Questions and comments about Exercise Sheet 9 below this line (most recent on top)

Yes, sorry I forgot, I was travelling over the last days and today just returned from a rather butchery removal of one of my wisdom teeth and I am completely groggy now. I'll try to add the code later in the evening when I have recovered a bit, or maybe Marjan can do it in the meantime. If anyone of you knows the code for one C++, JAVA, Perl, Python, PHP, please feel free to post it, too. Remember, the idea of a Wiki is that everybody can contribute. Hannah 12Jan10 19:43

Do we get code for timing and random numbers? Johannes 12Jan10 18:46

Hi Marius, the exercise is simpler than that. Leave every valid UTF-8 sequence intact, and for every invalid UTF-8 sequence replace it by what you want, e.g. zeros. You don't have to guess what an invalid sequence means, or convert from one format to another, or anything like that. Hannah 12Jan10 18:42

The solutions of the mid-term are posted. Marjan 15:38 12.01.2010

So do I understand it correclty that by saying "repairing" a string you intend to say that only the encoding in the end has to be valid?
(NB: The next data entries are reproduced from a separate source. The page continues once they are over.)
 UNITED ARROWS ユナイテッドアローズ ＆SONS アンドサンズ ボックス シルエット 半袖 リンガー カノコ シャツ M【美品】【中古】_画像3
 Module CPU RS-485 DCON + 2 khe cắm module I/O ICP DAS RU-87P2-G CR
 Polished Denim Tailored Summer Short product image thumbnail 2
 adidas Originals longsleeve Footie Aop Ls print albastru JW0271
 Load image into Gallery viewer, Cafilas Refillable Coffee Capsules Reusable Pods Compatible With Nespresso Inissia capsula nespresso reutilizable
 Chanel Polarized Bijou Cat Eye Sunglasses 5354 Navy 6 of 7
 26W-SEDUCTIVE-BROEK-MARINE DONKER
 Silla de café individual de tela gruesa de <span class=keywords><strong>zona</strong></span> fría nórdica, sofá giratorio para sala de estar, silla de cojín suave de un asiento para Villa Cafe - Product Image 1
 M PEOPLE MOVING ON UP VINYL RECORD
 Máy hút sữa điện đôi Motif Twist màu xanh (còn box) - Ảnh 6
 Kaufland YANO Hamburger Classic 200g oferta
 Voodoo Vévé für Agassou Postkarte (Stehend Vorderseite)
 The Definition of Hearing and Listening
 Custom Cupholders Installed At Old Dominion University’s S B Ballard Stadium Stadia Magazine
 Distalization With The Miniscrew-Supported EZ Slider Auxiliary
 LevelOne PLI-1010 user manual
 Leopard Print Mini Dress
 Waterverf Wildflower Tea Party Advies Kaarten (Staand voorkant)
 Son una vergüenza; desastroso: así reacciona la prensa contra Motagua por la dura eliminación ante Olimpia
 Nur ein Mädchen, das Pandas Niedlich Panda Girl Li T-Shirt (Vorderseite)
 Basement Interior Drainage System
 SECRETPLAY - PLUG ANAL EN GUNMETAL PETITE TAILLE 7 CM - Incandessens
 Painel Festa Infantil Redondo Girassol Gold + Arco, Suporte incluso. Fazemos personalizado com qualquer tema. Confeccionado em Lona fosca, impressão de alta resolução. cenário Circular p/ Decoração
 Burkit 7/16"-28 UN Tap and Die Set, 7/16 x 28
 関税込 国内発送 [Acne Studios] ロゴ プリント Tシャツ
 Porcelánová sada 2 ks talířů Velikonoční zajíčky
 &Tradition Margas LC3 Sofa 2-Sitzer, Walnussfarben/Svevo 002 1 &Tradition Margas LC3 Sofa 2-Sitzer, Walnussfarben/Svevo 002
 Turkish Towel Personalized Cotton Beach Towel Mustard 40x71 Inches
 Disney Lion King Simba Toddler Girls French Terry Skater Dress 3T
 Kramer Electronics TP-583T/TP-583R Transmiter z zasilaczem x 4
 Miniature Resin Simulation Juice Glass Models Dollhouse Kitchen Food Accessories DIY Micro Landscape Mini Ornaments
Because by string repair I understand that if the encoded letter is not UTF-8 we have to reencode it into UTF-8. So for example, if you get a UTF-32 char ݮ it would have to be encoded into UTF-8. What I want to say is that you could possibly "damage" the character, when you just repair the bits of the encoding what would cause in changing the semantics of the whole string. I hope it's clear what I want to ask... ;) Marius 01/12/2010 2:40 p.m.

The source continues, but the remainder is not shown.